As ugly as it is, the scrofulous picture of lawlessness and anarchy that reigned for almost two decades hides and even more atrocious reality which, if uncurbed, may result in another collapse and supervene upon any nation building effort. Somalia is traveling the same road that led to its collapse in the first place.

 

Major Ingredients of the old Road – The First Collapse

 

Tribalism - the last refuge of a scoundrel

Tribalism is central to the life of the Somali; it is a social insurance, a master key that  opens the doors of the good, the bad and the ugly and above all it is a piece of identification.

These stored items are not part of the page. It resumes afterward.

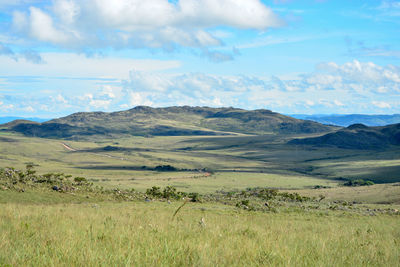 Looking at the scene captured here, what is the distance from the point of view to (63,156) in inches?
5148

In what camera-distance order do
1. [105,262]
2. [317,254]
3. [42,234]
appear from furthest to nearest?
[42,234], [317,254], [105,262]

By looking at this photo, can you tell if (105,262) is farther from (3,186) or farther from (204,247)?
(3,186)

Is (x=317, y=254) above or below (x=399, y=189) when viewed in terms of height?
above

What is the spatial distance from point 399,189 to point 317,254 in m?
46.0

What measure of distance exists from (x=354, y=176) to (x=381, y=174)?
243 inches

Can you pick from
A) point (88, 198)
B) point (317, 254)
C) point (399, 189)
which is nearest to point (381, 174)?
point (399, 189)

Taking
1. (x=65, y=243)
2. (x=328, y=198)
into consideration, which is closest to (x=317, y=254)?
(x=65, y=243)

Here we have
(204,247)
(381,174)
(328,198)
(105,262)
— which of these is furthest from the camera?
(381,174)

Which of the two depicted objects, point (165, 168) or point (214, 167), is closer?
point (165, 168)

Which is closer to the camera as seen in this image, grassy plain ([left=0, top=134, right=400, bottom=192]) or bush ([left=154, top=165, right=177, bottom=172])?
grassy plain ([left=0, top=134, right=400, bottom=192])

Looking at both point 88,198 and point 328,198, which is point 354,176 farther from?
point 88,198

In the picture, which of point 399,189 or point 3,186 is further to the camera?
point 399,189

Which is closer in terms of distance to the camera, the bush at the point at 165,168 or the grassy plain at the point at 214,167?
the grassy plain at the point at 214,167

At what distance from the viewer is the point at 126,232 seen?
795cm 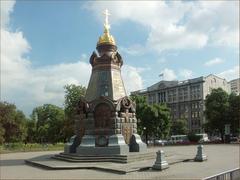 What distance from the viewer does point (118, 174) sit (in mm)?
15352

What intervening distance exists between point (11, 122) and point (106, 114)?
31300mm

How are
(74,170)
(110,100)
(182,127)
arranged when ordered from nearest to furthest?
(74,170)
(110,100)
(182,127)

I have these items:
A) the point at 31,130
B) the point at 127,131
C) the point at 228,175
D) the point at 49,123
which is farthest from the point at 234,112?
the point at 228,175

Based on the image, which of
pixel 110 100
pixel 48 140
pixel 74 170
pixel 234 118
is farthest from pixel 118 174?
pixel 48 140

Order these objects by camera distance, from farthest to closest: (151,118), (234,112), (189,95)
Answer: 1. (189,95)
2. (234,112)
3. (151,118)

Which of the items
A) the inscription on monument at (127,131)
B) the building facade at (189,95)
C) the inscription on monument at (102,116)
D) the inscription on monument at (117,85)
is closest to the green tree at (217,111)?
the inscription on monument at (117,85)

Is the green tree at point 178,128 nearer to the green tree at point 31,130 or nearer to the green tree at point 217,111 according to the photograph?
the green tree at point 217,111

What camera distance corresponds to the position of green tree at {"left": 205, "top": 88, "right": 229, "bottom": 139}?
5166cm

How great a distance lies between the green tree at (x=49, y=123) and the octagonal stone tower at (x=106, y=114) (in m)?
36.4

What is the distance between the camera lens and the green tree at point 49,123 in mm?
61934

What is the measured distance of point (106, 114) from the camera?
2191 centimetres

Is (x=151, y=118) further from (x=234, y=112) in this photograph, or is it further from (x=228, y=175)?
(x=228, y=175)

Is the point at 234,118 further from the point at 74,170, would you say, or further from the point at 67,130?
the point at 74,170

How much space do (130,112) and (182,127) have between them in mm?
61160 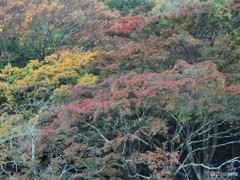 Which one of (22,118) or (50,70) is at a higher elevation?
(50,70)

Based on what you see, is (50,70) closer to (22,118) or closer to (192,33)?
(22,118)

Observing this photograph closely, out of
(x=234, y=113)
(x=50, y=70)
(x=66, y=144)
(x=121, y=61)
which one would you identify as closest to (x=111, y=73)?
(x=121, y=61)

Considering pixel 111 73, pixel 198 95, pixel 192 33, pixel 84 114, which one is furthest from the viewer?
pixel 111 73

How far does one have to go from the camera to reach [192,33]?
1019 cm

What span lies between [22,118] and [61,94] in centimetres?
131

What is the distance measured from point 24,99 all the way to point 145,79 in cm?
528

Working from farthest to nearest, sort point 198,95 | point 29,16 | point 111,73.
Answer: point 29,16
point 111,73
point 198,95

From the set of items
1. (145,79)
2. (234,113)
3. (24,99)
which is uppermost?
(145,79)

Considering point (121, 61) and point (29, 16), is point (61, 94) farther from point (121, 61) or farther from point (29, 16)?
point (29, 16)

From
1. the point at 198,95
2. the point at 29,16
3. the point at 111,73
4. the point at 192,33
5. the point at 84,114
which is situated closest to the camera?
the point at 198,95

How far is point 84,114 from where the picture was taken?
856 centimetres

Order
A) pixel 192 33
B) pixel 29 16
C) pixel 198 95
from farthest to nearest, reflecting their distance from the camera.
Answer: pixel 29 16 < pixel 192 33 < pixel 198 95

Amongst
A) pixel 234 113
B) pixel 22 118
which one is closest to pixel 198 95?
pixel 234 113

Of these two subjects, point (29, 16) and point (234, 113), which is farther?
point (29, 16) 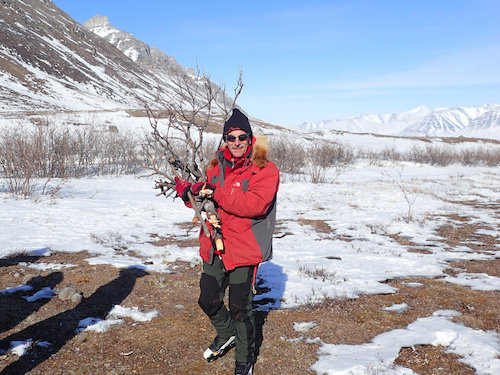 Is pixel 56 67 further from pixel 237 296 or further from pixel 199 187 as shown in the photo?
pixel 237 296

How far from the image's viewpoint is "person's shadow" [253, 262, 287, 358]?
3.89m

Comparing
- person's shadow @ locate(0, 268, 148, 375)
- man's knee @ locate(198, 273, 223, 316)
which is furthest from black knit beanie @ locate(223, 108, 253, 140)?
person's shadow @ locate(0, 268, 148, 375)

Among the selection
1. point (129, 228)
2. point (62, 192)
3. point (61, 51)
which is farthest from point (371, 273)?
point (61, 51)

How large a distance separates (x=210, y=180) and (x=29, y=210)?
8411 millimetres

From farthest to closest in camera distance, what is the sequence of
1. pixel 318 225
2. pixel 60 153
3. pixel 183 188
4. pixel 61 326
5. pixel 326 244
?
pixel 60 153 → pixel 318 225 → pixel 326 244 → pixel 61 326 → pixel 183 188

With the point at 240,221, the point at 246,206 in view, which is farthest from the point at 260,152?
the point at 240,221

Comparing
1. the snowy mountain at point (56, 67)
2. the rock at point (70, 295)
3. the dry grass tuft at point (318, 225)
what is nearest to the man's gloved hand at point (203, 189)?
the rock at point (70, 295)

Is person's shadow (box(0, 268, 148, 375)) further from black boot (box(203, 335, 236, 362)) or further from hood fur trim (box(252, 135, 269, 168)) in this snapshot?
hood fur trim (box(252, 135, 269, 168))

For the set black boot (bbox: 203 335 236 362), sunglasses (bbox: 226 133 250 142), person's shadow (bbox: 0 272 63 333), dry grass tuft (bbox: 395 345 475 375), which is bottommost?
person's shadow (bbox: 0 272 63 333)

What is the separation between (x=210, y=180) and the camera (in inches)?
117

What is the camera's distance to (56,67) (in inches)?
3105

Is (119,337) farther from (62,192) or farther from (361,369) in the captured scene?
(62,192)

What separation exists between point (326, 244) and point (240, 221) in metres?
5.34

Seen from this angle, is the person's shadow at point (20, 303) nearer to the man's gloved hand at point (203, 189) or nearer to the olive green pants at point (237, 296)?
the olive green pants at point (237, 296) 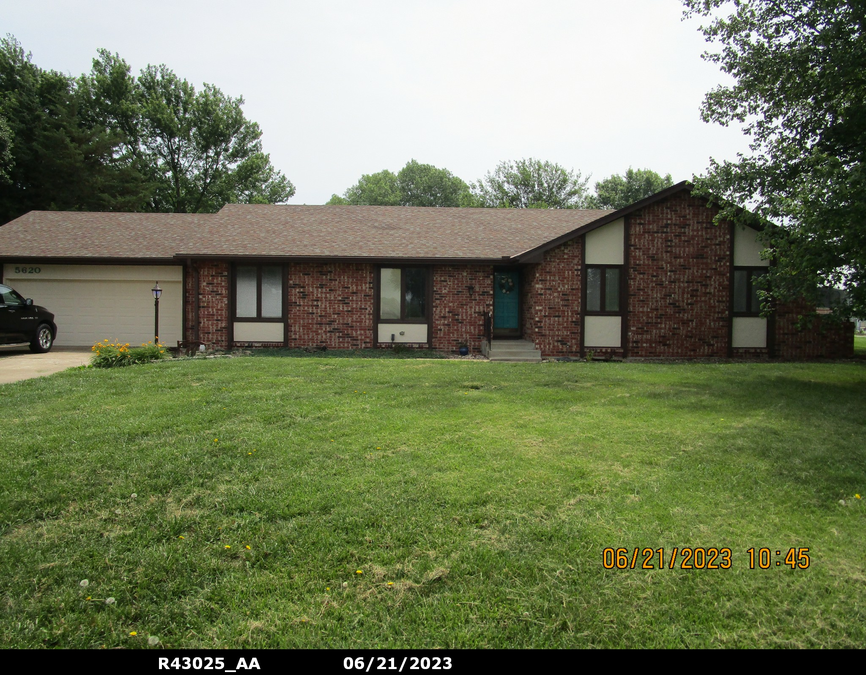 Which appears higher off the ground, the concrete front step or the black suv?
the black suv

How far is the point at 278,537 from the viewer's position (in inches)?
128

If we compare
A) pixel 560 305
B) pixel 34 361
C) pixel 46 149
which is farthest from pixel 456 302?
pixel 46 149

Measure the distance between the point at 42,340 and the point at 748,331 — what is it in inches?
701

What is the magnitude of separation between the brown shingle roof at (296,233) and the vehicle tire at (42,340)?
255 centimetres

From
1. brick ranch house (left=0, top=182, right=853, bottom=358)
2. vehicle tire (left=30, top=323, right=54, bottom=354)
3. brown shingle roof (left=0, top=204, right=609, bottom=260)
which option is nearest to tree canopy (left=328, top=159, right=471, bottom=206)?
brown shingle roof (left=0, top=204, right=609, bottom=260)

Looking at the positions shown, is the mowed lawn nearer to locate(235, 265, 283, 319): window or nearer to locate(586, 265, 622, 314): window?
locate(586, 265, 622, 314): window

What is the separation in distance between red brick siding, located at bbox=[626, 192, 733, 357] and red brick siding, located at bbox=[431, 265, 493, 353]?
3747 millimetres

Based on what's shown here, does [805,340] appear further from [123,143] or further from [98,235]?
[123,143]

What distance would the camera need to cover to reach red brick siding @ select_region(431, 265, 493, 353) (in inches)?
562

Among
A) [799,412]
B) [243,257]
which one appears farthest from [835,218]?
[243,257]

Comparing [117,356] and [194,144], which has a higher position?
[194,144]

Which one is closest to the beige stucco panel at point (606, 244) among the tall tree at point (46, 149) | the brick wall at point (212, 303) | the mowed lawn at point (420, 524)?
the mowed lawn at point (420, 524)

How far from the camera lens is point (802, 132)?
33.2ft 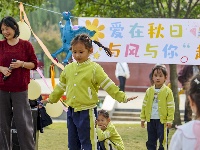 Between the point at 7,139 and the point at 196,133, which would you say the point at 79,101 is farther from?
the point at 196,133

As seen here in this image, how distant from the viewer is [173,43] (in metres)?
7.86

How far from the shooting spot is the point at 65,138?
29.4 ft

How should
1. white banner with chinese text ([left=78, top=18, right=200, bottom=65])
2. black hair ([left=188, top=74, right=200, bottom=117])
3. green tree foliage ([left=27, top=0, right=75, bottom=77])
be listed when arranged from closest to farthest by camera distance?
1. black hair ([left=188, top=74, right=200, bottom=117])
2. white banner with chinese text ([left=78, top=18, right=200, bottom=65])
3. green tree foliage ([left=27, top=0, right=75, bottom=77])

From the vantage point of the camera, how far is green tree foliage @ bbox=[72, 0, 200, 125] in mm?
10375

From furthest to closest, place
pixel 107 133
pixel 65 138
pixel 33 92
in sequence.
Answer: pixel 65 138
pixel 107 133
pixel 33 92

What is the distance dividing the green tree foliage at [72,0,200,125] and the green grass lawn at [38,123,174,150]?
1.02 meters

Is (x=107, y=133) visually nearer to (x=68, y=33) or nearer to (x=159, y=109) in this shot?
(x=159, y=109)

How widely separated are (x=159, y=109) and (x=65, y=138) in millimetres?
2666

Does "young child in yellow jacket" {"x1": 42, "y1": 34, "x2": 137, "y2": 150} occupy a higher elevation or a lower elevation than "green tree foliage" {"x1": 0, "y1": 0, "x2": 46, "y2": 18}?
lower

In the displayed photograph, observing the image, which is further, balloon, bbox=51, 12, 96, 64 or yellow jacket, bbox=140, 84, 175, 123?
balloon, bbox=51, 12, 96, 64

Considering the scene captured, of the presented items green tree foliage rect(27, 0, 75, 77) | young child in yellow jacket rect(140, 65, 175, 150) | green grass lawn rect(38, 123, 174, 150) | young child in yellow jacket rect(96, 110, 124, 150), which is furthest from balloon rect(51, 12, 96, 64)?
green tree foliage rect(27, 0, 75, 77)

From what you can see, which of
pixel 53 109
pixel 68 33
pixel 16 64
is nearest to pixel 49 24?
pixel 68 33

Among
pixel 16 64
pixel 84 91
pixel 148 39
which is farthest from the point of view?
pixel 148 39

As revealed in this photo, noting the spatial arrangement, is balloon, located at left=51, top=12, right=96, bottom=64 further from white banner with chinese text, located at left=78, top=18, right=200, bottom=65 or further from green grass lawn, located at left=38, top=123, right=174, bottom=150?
green grass lawn, located at left=38, top=123, right=174, bottom=150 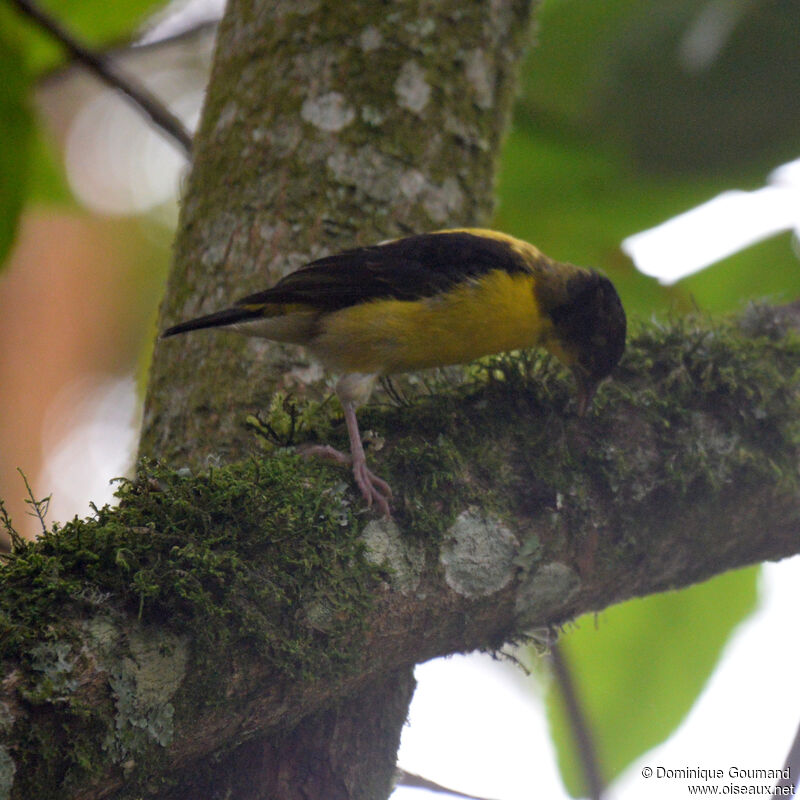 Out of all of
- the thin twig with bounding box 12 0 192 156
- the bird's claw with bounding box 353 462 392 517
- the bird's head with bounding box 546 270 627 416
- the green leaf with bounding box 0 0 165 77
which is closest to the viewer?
the bird's claw with bounding box 353 462 392 517

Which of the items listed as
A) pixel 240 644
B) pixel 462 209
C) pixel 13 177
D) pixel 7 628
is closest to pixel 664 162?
pixel 462 209

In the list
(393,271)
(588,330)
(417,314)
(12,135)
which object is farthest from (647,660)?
(12,135)

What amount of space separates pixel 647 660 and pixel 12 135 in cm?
310

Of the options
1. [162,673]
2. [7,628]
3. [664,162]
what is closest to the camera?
[7,628]

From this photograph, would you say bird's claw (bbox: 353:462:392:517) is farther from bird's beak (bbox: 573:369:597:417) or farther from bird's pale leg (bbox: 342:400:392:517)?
bird's beak (bbox: 573:369:597:417)

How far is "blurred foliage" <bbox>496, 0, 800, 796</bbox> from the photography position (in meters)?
3.53

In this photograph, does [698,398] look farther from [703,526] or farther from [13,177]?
[13,177]

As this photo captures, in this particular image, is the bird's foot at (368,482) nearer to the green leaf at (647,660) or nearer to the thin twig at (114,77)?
the green leaf at (647,660)

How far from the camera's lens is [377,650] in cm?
218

Tribalism is also a devastating weapon used by the ignorant, the opportunistic vultures and the piranhas of the Somali society. It can move societies to accomplish the noblest achievements and it can tear asunder its fabric creating persisting animosity and bloodshed. Knowing where to draw the line is of ultimate paramount and that is where the Somali society has failed miserably.

 

The burning of tribal effigies and symbolic burials of tribalism in the heydays of the late regime, Kacaankii “barakaysnaa” may have been a veracious assay to rid society of tribalism. Ironically, less then a decade from its burial, tribalism reared its ugly head in defiance, laying claim to new definitions, forms and facades. It is during this period, most likely the last 10 years of that regime, that the seeds of the current chaos were planted. Like any falling dictator, Siyad Barre mustered all the slyness in his books to delay the ominous moment. And like the crafty man that was, may Allah rest his soul in peace; he devised the most scourging weapon of it all; SSDS (Somali Self-Destructive Syndrome). In practice, the weapon is put to work by giving the reigns of the tribe to gluttonous, immoral, and most simpleton individuals. Rewards for loyalty to the government were paid out in tribal currency in the form of nominations of these individuals to high positions. Punishment for defiance was meted out on the same criteria. Siyad Barre contrived a double edged sword to reward and penalize a tribe simultaneously; increased nominations from the baulker tribes, of timeservers and self-seekers who can break the ranks of their own tribe and disentangle the bonds of cohesion. More importantly, the unofficial job description of these hoodlums included fomenting and hatching conspiracies to breed a rift between neighboring tribes. Thus, a new culture that elevates the mediocre emerged, spread and established itself in a very short period. Unbelievably, the same tribes they destroy are also the ones that nurture the egos of the malice-mongers amongst them for the simple and fundamental reason that they present a “political” and a “contemporary” line of defense against other tribes. The usual justification is “if every one else has them, why not us”. Will tribes be wise enough to terminate the power of their rogue sons? If they can do that, it will be the noblest accomplishment of the Somali society. The reality is each tribe has the ability to curtail warlords hailing from it. But we have yet to see any that realizes the magnitude of the erosion of tribal ethics and decides to rescind the “wait for others to do it first” attitude.

 

Wryly, the TFG, except for an insignificant number of individuals, is entirely made up of these new breed of leaders. Emboldened by the lack of sanctions from their own tribes – the only entity that can reverse their prominence – they made sure that no headways are made towards social reconciliation. They thrive on social pandemonium; peace, law and order, and social tranquility are not their opportune environment. The TFG has not only institutionalized tribalism, it also put the stamp of approval on the leadership by the unscrupulous politicos – a hoard of warlords. The unfortunate part is that it is not limited to the TFG; Somaliland, Puntland, Djibouti, Ethiopia’s 5th Region and even in the Diaspora – where ever there are Somalis, there is always a fly in the ointment; leadership and power is in the hands of, or being sought by the least capable and the most corrupt individuals. That and that alone, is the arrant evidence of social collapse; leadership by the mentally and morally blind.  Social collapse is nothing but a society’s failure to find ways to deal with the factors that can bring about its demise whether they are economic, environmental, political or social. In the case of the Somalis, the combined effect of all of these factors compounds the matter even further. Social response to factors that cause collapse begins with making the right decisions, the correct choices and empowering those who can bring vision, plan and potential for reversal of fortunes to the table.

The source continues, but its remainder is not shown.